⟨

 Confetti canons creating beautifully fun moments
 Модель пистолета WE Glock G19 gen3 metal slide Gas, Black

⟩
⟨

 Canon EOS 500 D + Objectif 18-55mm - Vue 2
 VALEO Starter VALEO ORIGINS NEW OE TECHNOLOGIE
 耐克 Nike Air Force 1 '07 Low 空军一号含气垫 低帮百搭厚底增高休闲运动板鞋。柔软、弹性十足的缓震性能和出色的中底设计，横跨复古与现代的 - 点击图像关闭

⟩
⟨

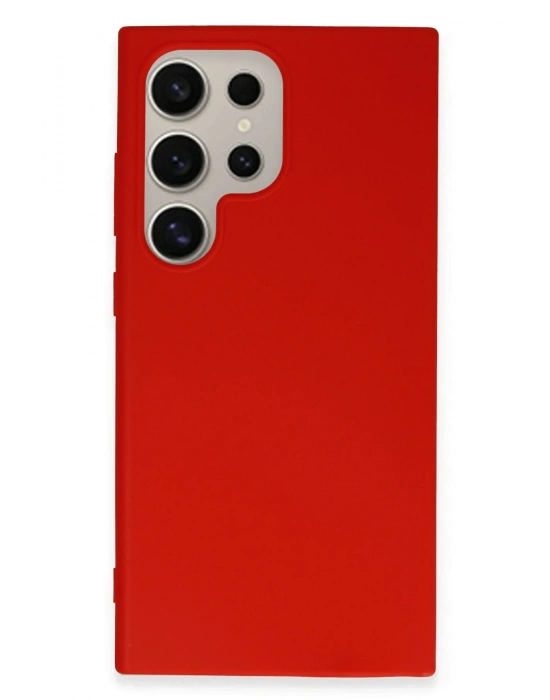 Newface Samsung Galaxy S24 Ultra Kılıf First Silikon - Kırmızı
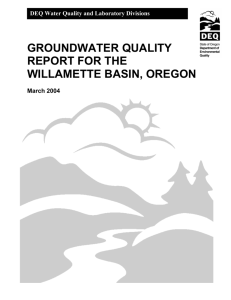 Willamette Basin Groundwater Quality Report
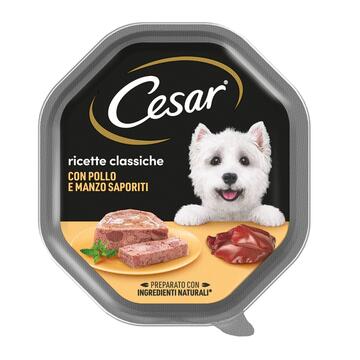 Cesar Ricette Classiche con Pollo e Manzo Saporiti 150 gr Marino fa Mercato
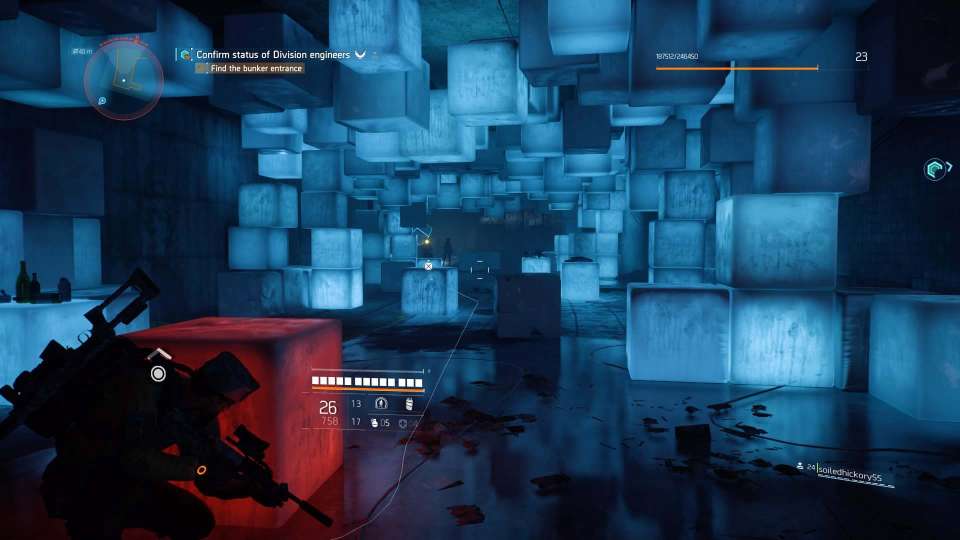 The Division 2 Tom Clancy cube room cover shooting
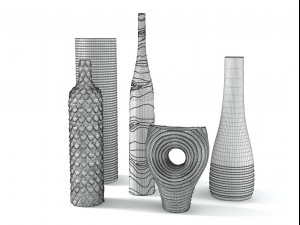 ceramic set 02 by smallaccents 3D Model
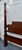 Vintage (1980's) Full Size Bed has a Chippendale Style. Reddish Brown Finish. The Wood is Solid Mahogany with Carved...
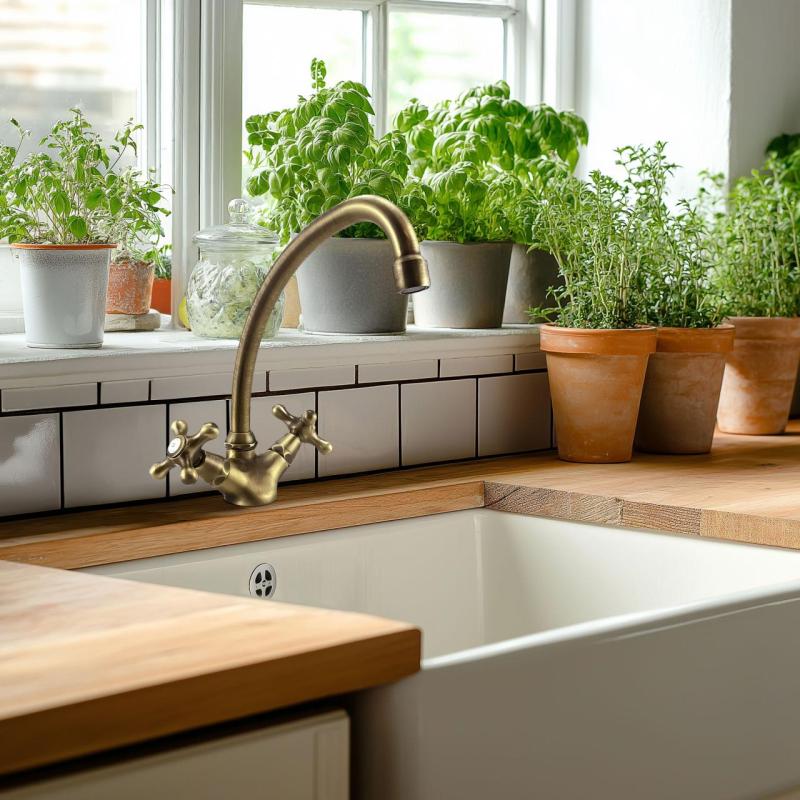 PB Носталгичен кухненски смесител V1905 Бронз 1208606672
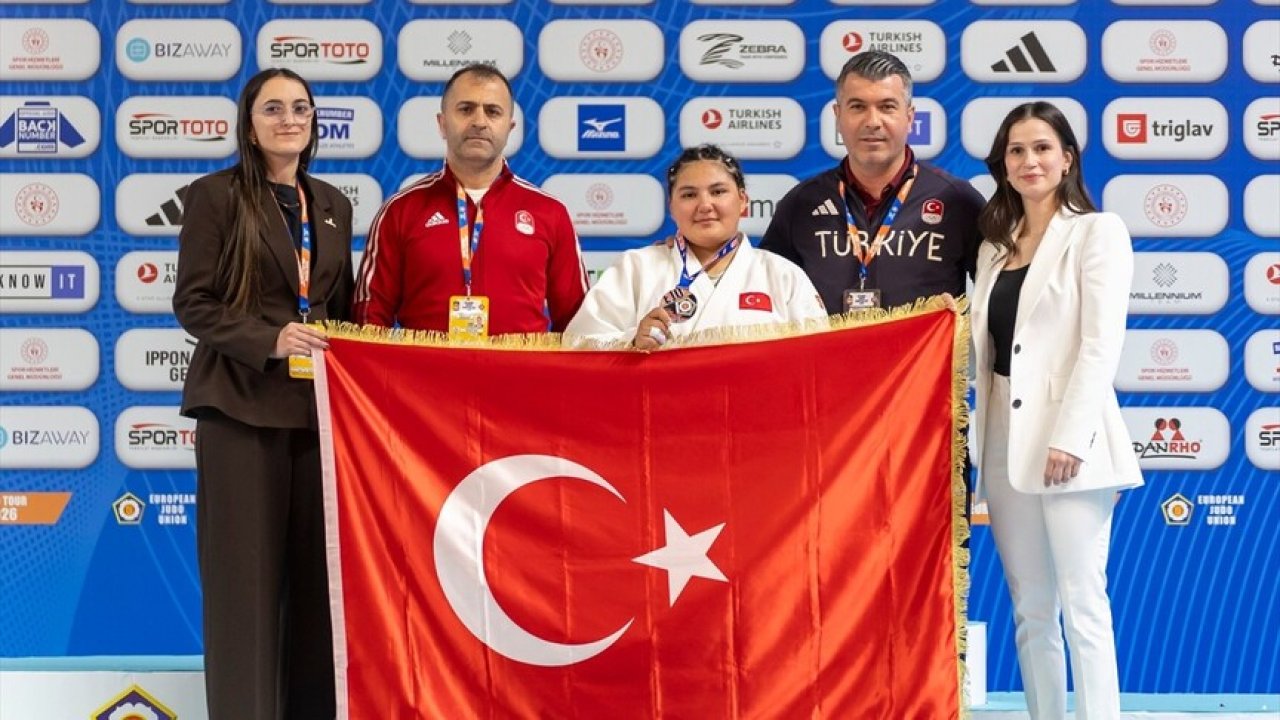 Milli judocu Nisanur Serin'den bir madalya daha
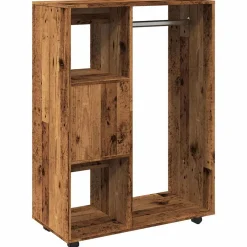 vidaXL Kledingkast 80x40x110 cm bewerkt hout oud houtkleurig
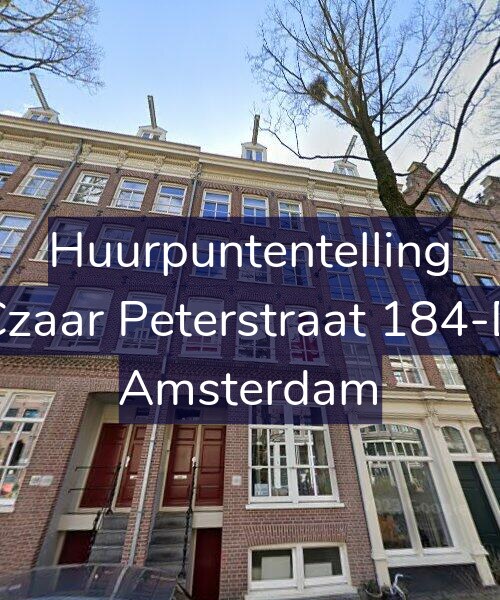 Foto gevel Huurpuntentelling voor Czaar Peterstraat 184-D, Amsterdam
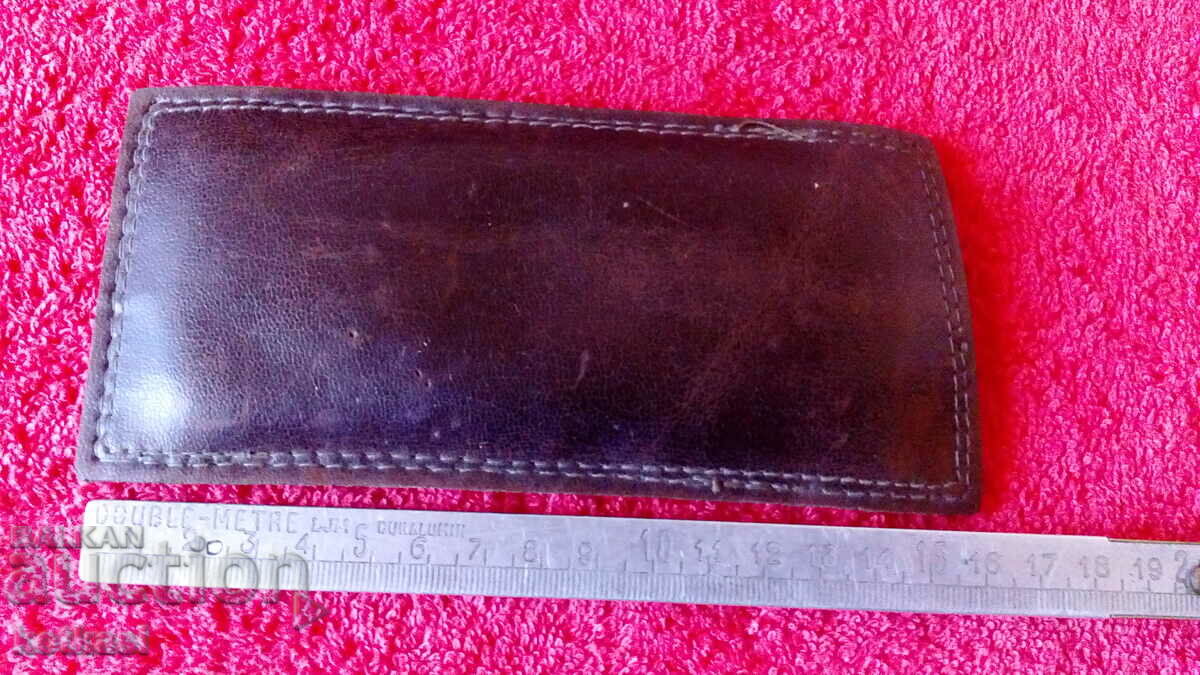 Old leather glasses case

⟩

→ **What you will do**
The required output is every line above from the one with "Canon EOS 500 D + Objectif 18-55mm - Vue 2" down to the one with "耐克 Nike Air", restated word for word, ends included.

→ **Solved exercise**
 Canon EOS 500 D + Objectif 18-55mm - Vue 2
 VALEO Starter VALEO ORIGINS NEW OE TECHNOLOGIE
 耐克 Nike Air Force 1 '07 Low 空军一号含气垫 低帮百搭厚底增高休闲运动板鞋。柔软、弹性十足的缓震性能和出色的中底设计，横跨复古与现代的 - 点击图像关闭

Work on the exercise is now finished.